No lo conocía hasta hace unos días. Me refiero a lo hecho en la plaza Alfonso López. Soy, desde hace décadas, habitante “de Cristo Rey pa’rriba”. Solo voy al Centro en caso no de necesidad, sino de necesidad extrema. Es un Manizales, el del Centro, indefinible. Lleno de precariedad disimulada, de rebusque, de mugre, de droga, de fachadas deterioradas o pintarrajeadas de la peor manera, de abandono y desamor. De una multitud que deambula porque no tiene nada qué hacer. La Plaza, que lleva el nombre de un político que nadie actual recuerda, es la superficie de un nudo de túneles oscuros que adolece de verde, excedida de ladrillos. Parece diseñada por ingenieros, no alcanza a ser amable pero tampoco fea.
La puerta abierta que corona el cóndor tiene gracia y destaca lo fatal de la pueblerina y obvia que pusieron por la avenida Centenario, cerca a Santa Sofía, digna de pronta demolición. Útil para más rebuscadores quien me acompañaba solo quería salir corriendo de allí. ¿Correr para dónde? -me pregunté al retomar las calles hacia la carrera 23 atravesando, otra vez, en fila de a uno, por entre la gente en los estrechos andenes llenos de ventas de cachivaches. Esquivamos en la caminada las que se pudo, observar como caen o dejan caer las añosas casas que sobrevive por la carrera 24. Todas aquellas edificaciones icónicas para mi generación hoy han cambiado de nombre y de personalidad. Aquellos puntos de referencia están distorsionados.
Decir la esquina del Banco de Caldas o la de Seguros Atlas, del Banco del Comercio o del edificio Ángel es hablar al pasado olvidado.

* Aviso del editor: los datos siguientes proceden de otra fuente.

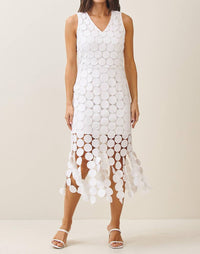 ABLE Cayman Circle Crochet Bottom Tassel Dress in white - women's dress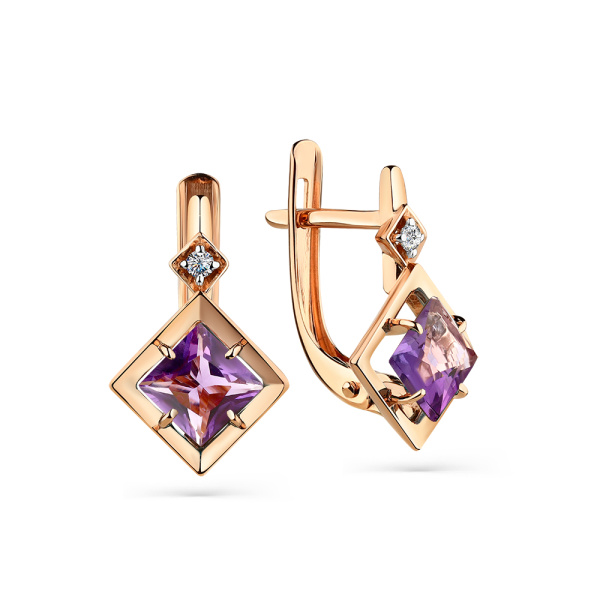 Серьги из красного золота с аметистами и фианитами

Mirar el llamado Palacio, hoy Palacio Arzobispal, es deprimente: ese color rosado, descolorido, los locales con mercancías colgadas en sus puertas, los groseros graffitis y la puerta deteriorada, despiertan nostalgias de mejores tiempos. No mejores por pasados, si no, tal vez, porque el fiel surtidor de hidalguía -ahora, apenas si, acequia pobre- se sigue alimentando de supuestas glorias. Del armiño de antes -puro y simple- a esto.
Pero Manizales, aún desde sus escombros y grietas, respira una terquedad que no se rinde. Su historia de superación sobre desastres, su capacidad para levantarse de las cenizas, nos da la certeza de que lo que hoy parece ruina, mañana puede ser cimiento. En los ojos de quienes aún creen, en las manos que limpian y reconstruyen, vive un susurro de esperanza: que el Manizales del futuro no solo recuerde, sino que haga honor a las glorias del pasado mientras sueña con ser algo más grande, más justo, más humano.